◆ Requirement:
Write out the following listing's lines from the one with "Giỏ hoa hồng" to the one with "Celtic Shamrock - St", exactly, with both included and no others.

◆ Data supplied:
---*---

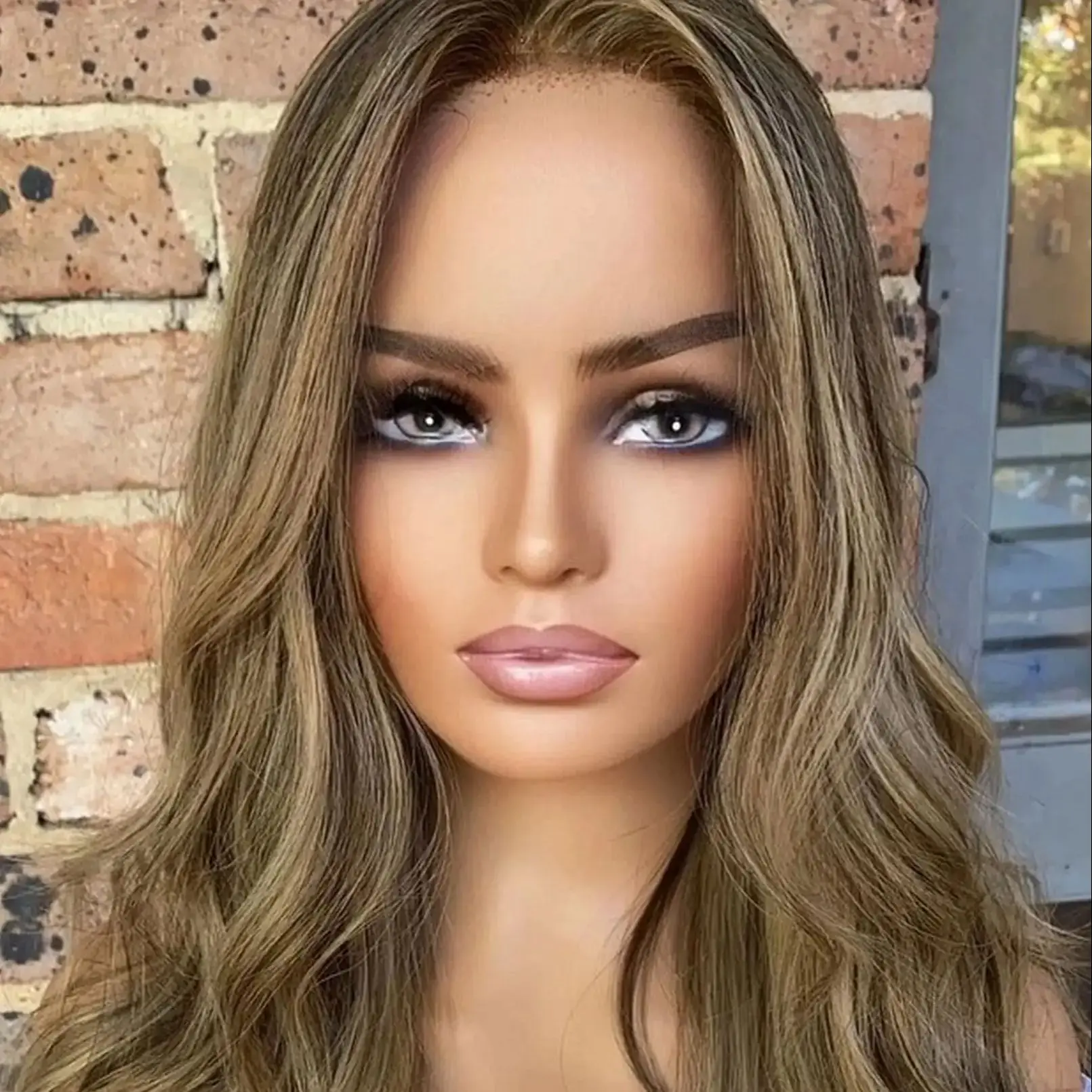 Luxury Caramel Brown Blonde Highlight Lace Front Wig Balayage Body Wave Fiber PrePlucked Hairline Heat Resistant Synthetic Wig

---*---

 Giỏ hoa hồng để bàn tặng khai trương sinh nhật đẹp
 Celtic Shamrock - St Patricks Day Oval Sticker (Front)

---*---

◆ Written reply:
 Giỏ hoa hồng để bàn tặng khai trương sinh nhật đẹp
 Celtic Shamrock - St Patricks Day Oval Sticker (Front)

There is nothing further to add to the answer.